Our ideal candidates thrives in ambiguity, build collaborative relationships, moves fast, and are passionate about meaningful work. They will have the technical skills to design and build complex distributed systems that runs at AWS scale. They prefer working on small, focused teams, own their product, and love to pitch in anywhere to get the job done. They lead by example and the team naturally gravitate towards them because of their engineering expertise and decision-making ability. They can communicate effectively with a wide variety of audiences and are comfortable pitching new ideas.

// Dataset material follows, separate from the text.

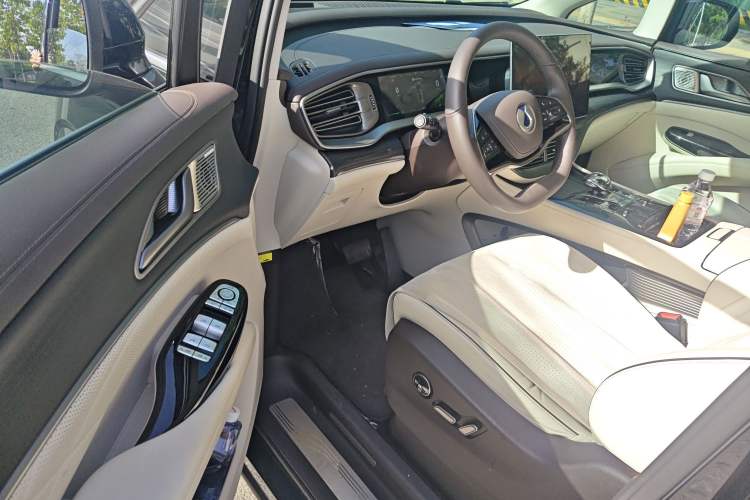 Used Denza D9 2024 DM-i 980 Four-Wheel Drive Prestige Model
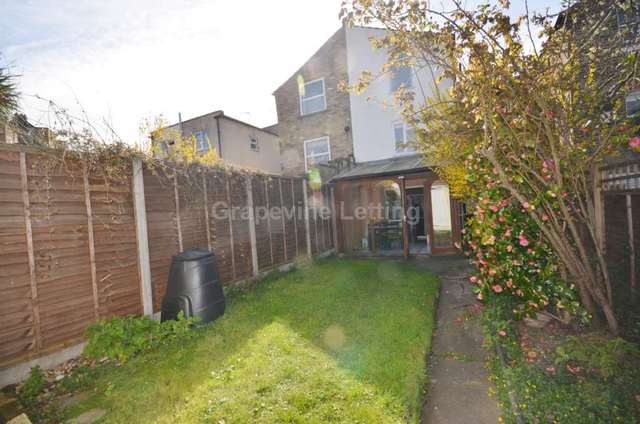  Image of 4 bedroom Detached house to rent in Appach Road London SW2 at Appach Road Brixton London, SW2 2LE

We are looking for candidates who thrive in an exciting, fast-paced environment and who have a strong personal interest in learning, researching, and creating new technologies with high customer impact. You will have an opportunity to influence product and leaders.
As an Applied Scientist you will partner with talented scientists and engineers to design, train, test, and deploy machine learning models. You will contribute to innovative features, improve our services based on customer requirements and help maintain a highly scalable data and model management infrastructure that supports cutting-edge research. You will be responsible for translating business and engineering requirements into deliverables and software products.
Prior domain knowledge in speech, natural language processing, or computer vision is strongly preferred; solid knowledge of fundamentals of statistics, machine learning, and deep learning is required. Candidates should possess strong software engineering skills and several years of industry experience.
Key job responsibilities
- Applying latest deep learning and natural language processing techniques to ship new features for our customer
- Convert ambiguous business questions into precise science problems
- Regularly ship deep learning models and natural language processing models that run at AWS scale
- Collaborate with engineers, clinical experts and product managers to deliver your solutions
What You'll Do:
* Collaborate with a team of Clinical experts, researchers and engineers in solving complex healthcare challenges
* Develop novel algorithms and modeling techniques for multimodal systems
* Apply latest deep learning, Gen AI and natural language processing techniques to build model-based solutions in Health domain
* Collaborate with cross-functional teams to create impactful products and services. Convert ambiguous business questions into precise science problem, and share insights/learnings from your experimentation to help product direction.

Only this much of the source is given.